The arrangement also ties grant funds to the misfortunes of others, officials said. The more money spent on the Galena flood, the more money available to Butte and Sutton residents.
Regulations and rules for individual grant applications may also change rapidly, Jager warned. For example, a benefit-cost analysis requirement didn’t give extra value to applications where land was being set aside for preservation, Jager said. However, the rules have changed, meaning riparian (river-side) lands set aside for preservation now have an advantage in the system. That rule changed between Oct 1, when properties were submitted, and Thursday’s meeting.
“It suddenly makes the buyouts look more attractive to the government,” he said. “The rules have changed, and they’ve changed in one month.”

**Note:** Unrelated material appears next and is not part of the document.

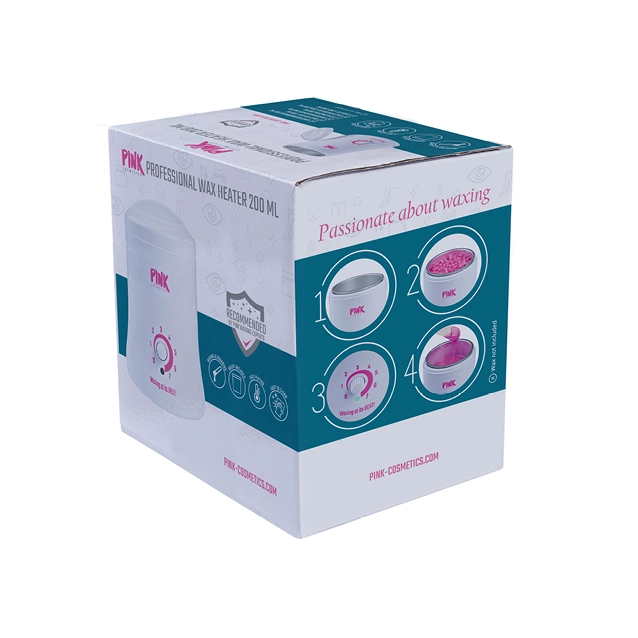 PINK® WAX VERWARMER PROFESSIONELE EDITIE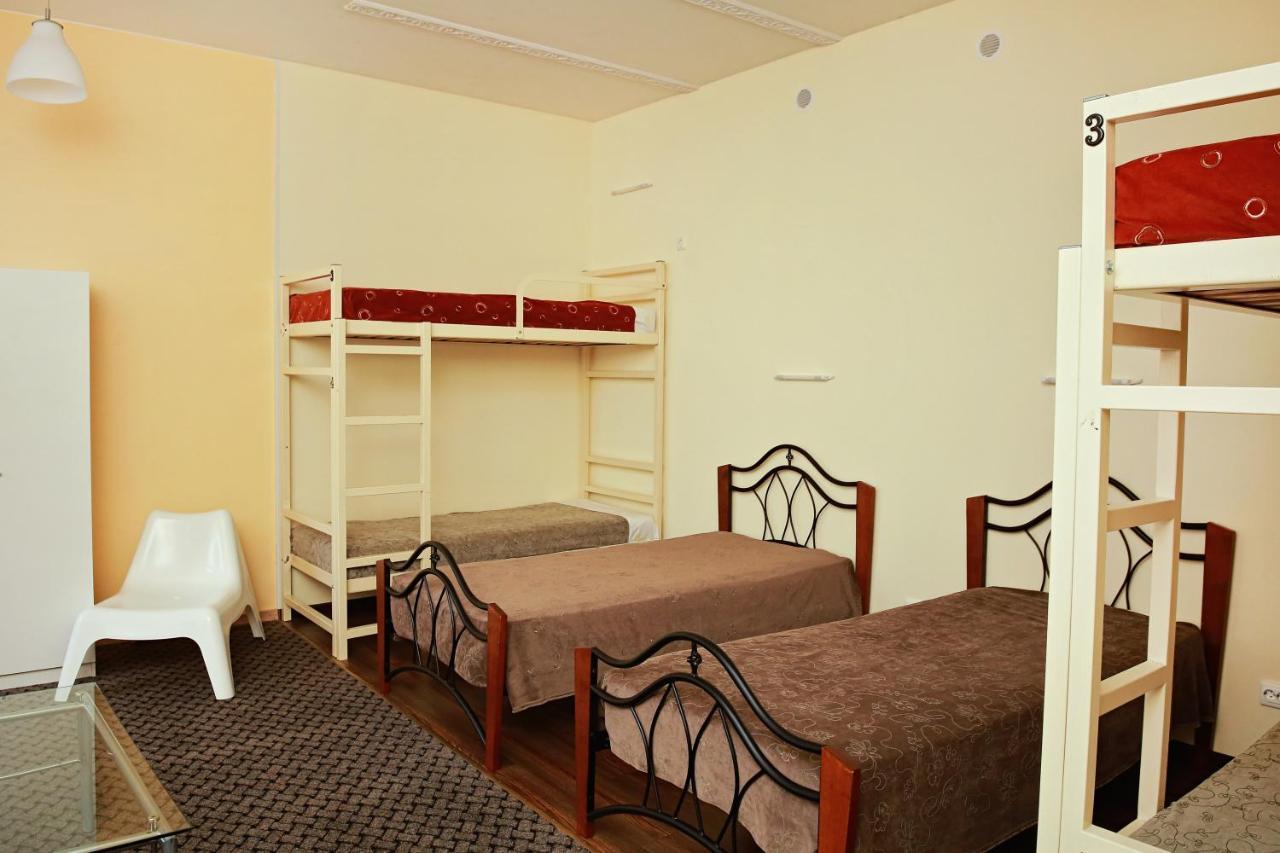 Sleep In Bnb VNO Eksteriør billede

Residents appeared receptive and affable about the prospects moving forward, even engaging in running jokes about a potential park for the site, accusations repeated around the Butte when the water was at it’s worst and officials for the state and borough declined to fix a series of dikes constructed in the area.

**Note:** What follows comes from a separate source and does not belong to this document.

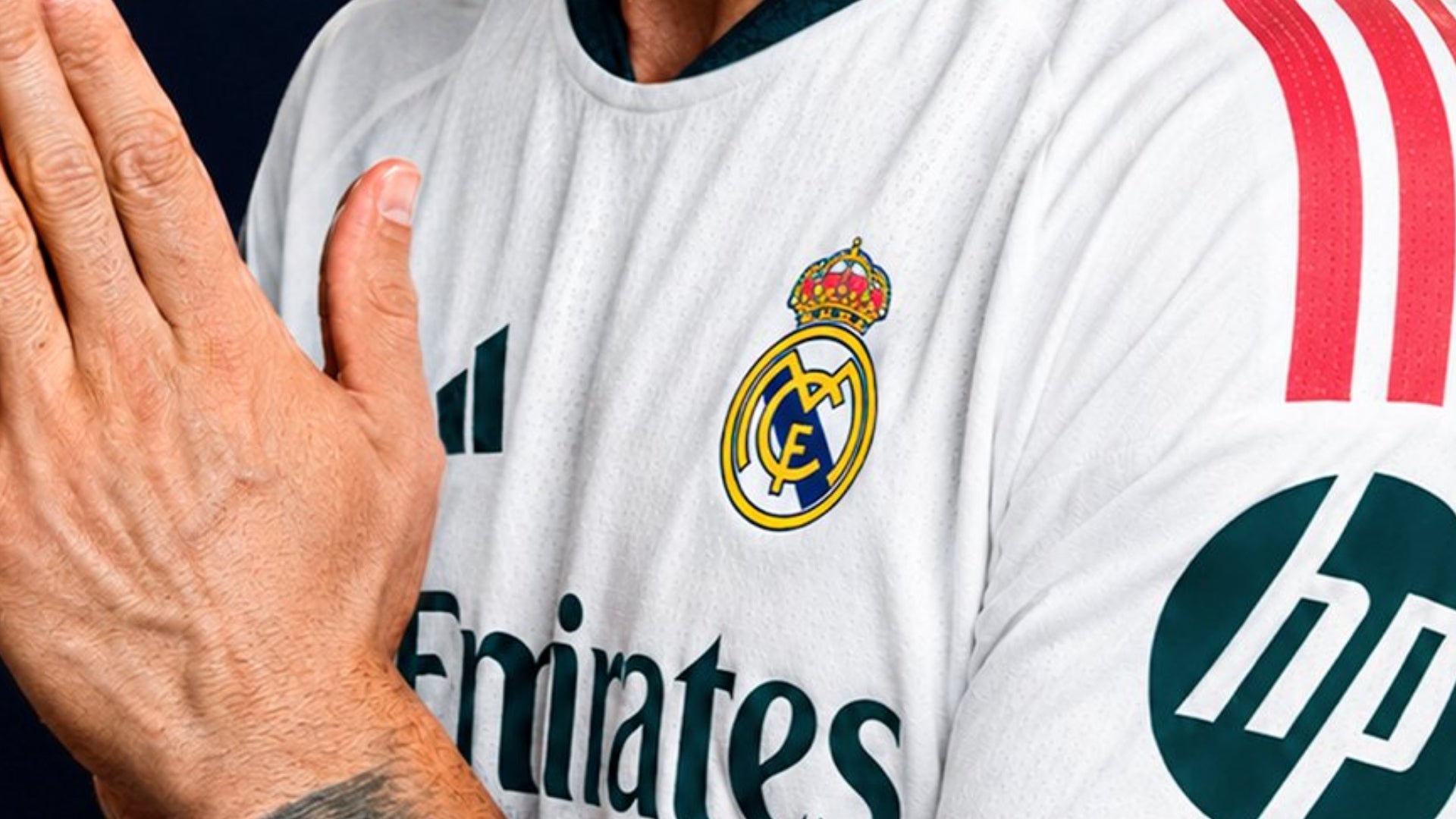 Real Madrid anuncia a exjugador de Barcelona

“It’ll either be the Casey Cook 1,000 Grey Hairs Memorial Park, or the Pat Huddleson Something Something Something Park,” Cook joked.
Huddleson, famously active on behalf of the Mile 13 to Mile 15 residents, said she’s waiting to see whether official promises about the program pan out. Questions remained, Huddleson said.
“I think until they actually walk our property, we’re still there thinking ‘Yeah, right,’” she said. “We’re kind of hyped up right now, but you know, we’ve been let down so many times, that you know …”
“Empty promises,” her husband, Dan Huddleson interjected.
“That’s exactly it, empty promises,” she echoed.
Fireside owner Steve Silba welcomed the buyout, and found out that evening he was in the first round of buyouts. It wasn’t the way he’d intended for the property to end up, but it was the best way the unpleasant situation could end, Silba said.
“I was gonna live there the rest of my life, and my grandson comes from Anchorage and just loves it,” he said. “It would break my heart if they tore that building down and the DOT built something there and I drove by with my grandkids and said ‘Oh, we can’t walk on that property anymore.”